[What you need to do] Images are to be excluded from the copy, and the records below reproduced word for word.
*** Opening Dataset records ***
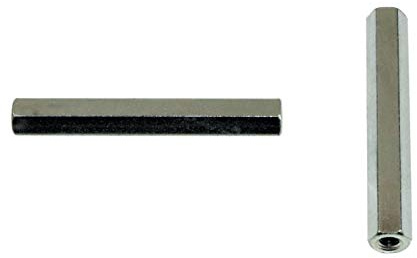 SN-TEC Distanzmutter/Langmutter/Distanzbolzen 6-kant M8 x 60mm verzinkt (10 Stück)
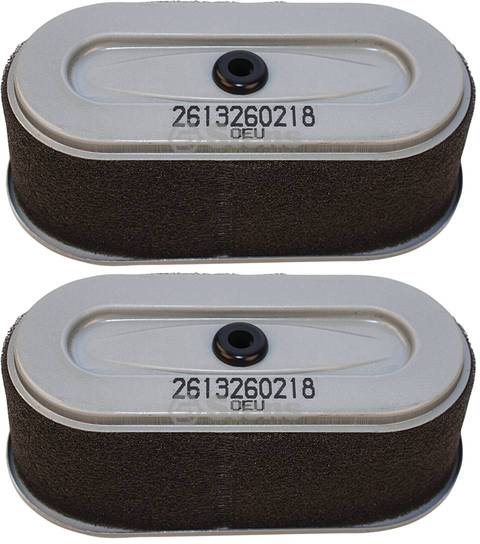 2 Pack Stens 058-009 Air Filter Combo Fits Subaru 261-32601-17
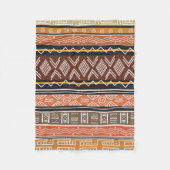 Afrikanische Muster-Mischung Fleecedecke (Vorderseite)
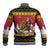 Belgium Christmas Personalized Baseball Jacket Santa Riding Lion - Wonder Print Shop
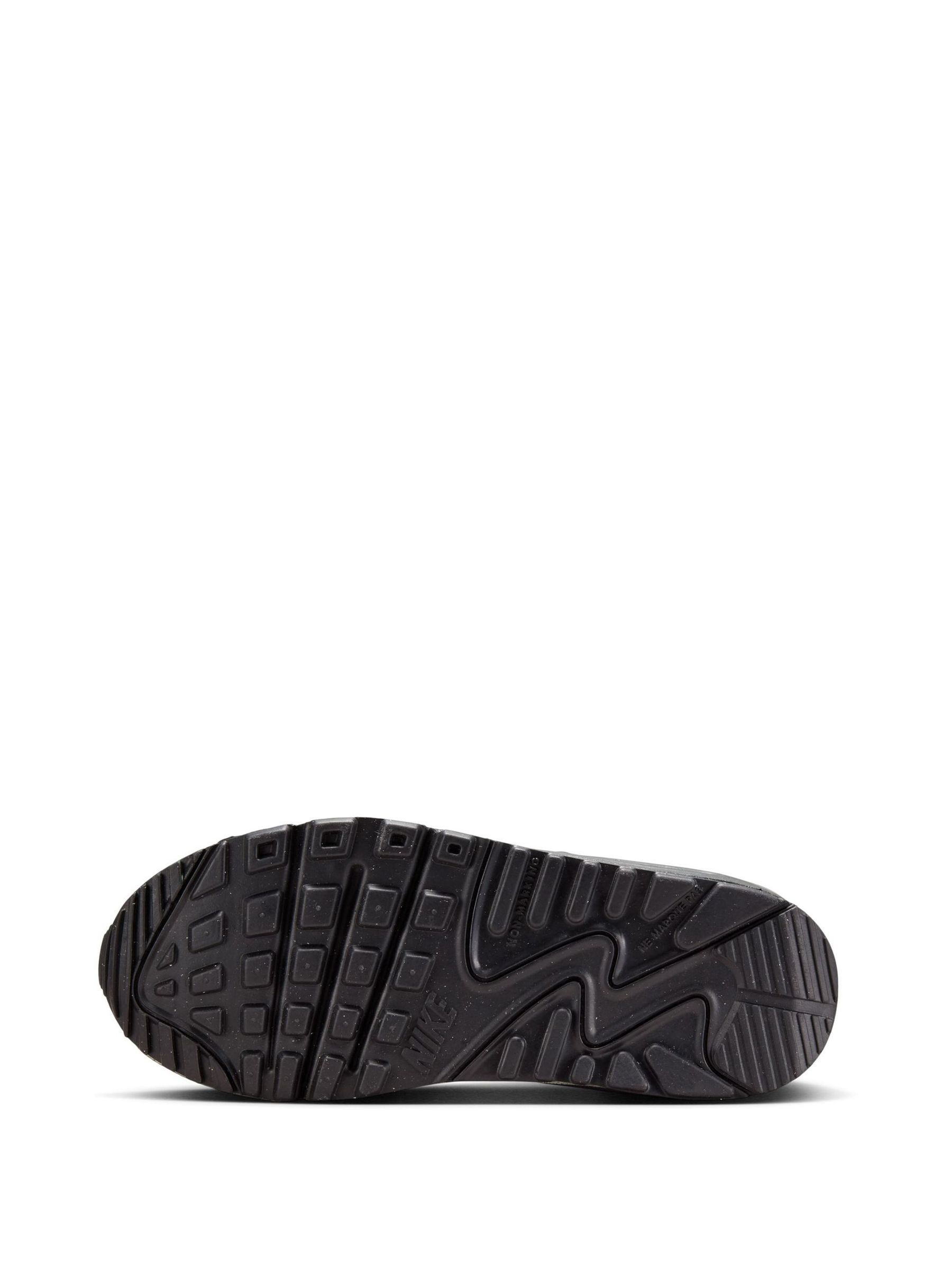 Buy Nike Black White Orange Air Max 90 Youth Trainers from Next Luxembourg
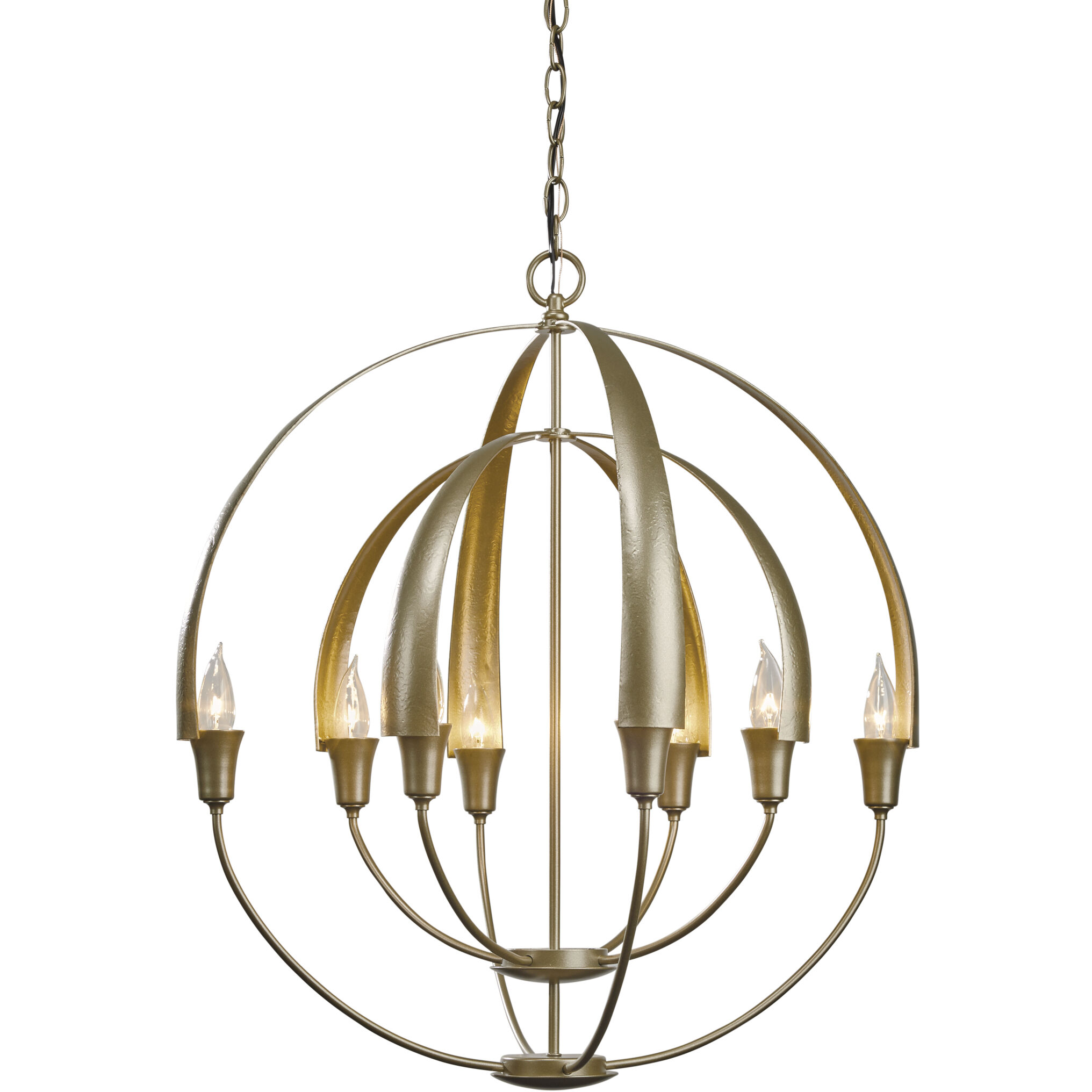 Double Cirque 8 Light 25.4 inch Soft Gold Chandelier Ceiling Light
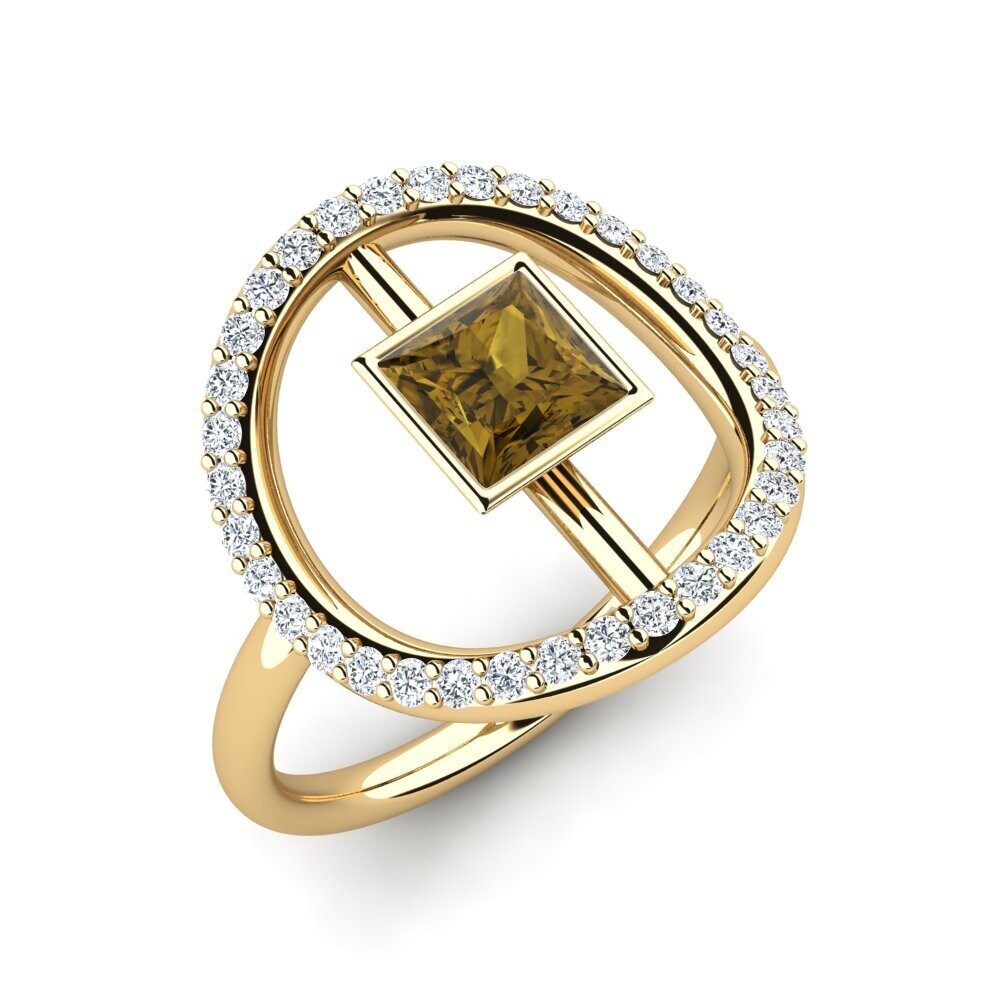 Brown Zircon Ring Dama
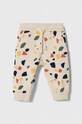 zippy spodnie dresowe bawełniane niemowlęce wzorzyste szary 3105565001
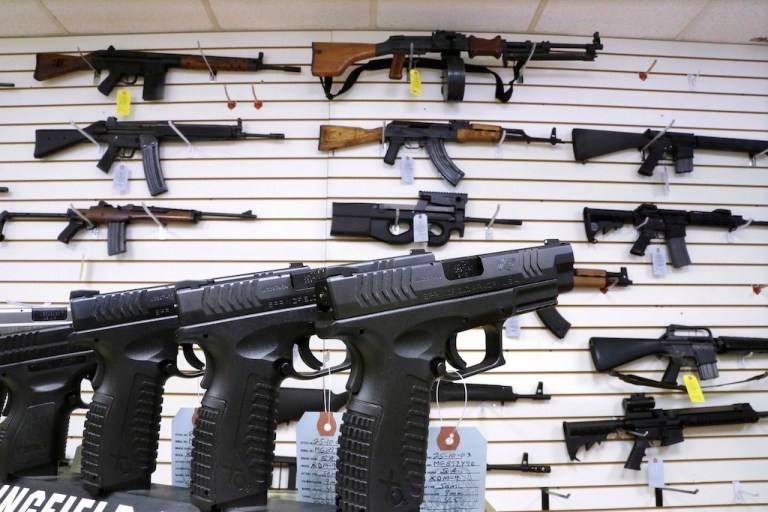 Assault style weapons and hand guns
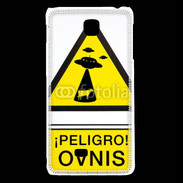 Coque LG F5 Warning Ovni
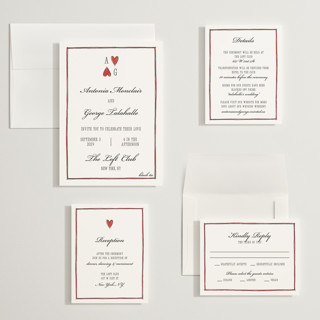 This is a lily wedding invitations with standard by Pati Cascino called two hearts printing on signature in grand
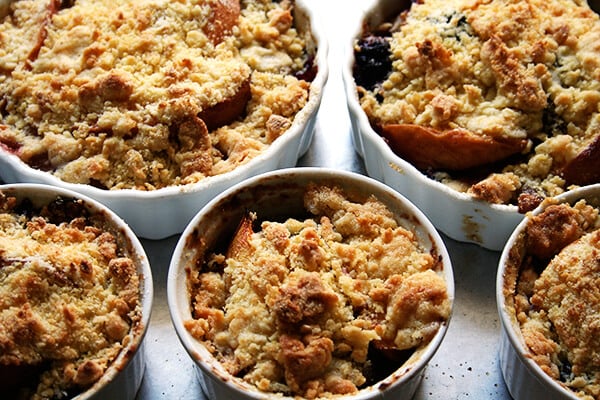 Nectarine and Blackberry crostatas Nectarine and Blackberry crostatas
*** Closing Dataset records ***
[Task answer]
 SN-TEC Distanzmutter/Langmutter/Distanzbolzen 6-kant M8 x 60mm verzinkt (10 Stück)
 2 Pack Stens 058-009 Air Filter Combo Fits Subaru 261-32601-17
 Afrikanische Muster-Mischung Fleecedecke (Vorderseite)
 Belgium Christmas Personalized Baseball Jacket Santa Riding Lion - Wonder Print Shop
 Buy Nike Black White Orange Air Max 90 Youth Trainers from Next Luxembourg
 Double Cirque 8 Light 25.4 inch Soft Gold Chandelier Ceiling Light
 Brown Zircon Ring Dama
 zippy spodnie dresowe bawełniane niemowlęce wzorzyste szary 3105565001
 Assault style weapons and hand guns
 Coque LG F5 Warning Ovni
 This is a lily wedding invitations with standard by Pati Cascino called two hearts printing on signature in grand
 Nectarine and Blackberry crostatas Nectarine and Blackberry crostatas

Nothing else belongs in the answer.